*** MATERIAL TO PROCESS ***

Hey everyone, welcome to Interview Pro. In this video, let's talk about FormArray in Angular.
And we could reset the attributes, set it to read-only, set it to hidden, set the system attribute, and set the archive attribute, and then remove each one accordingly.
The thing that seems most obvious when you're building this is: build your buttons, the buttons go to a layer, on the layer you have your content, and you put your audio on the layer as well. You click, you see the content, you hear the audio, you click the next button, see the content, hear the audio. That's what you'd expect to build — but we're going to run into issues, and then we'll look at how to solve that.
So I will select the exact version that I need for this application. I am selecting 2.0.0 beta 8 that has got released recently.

*** End of MATERIAL TO PROCESS ***
*** MATERIAL TO PROCESS ***

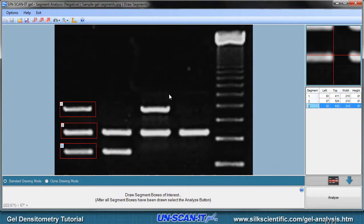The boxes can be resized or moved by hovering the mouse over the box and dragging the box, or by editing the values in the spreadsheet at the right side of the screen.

*** End of MATERIAL TO PROCESS ***

#### [WHAT IS REQUIRED]
Above are the records. How many of their lines hold "then"? Answer with the number alone.

#### [COMPLETED TASK]
2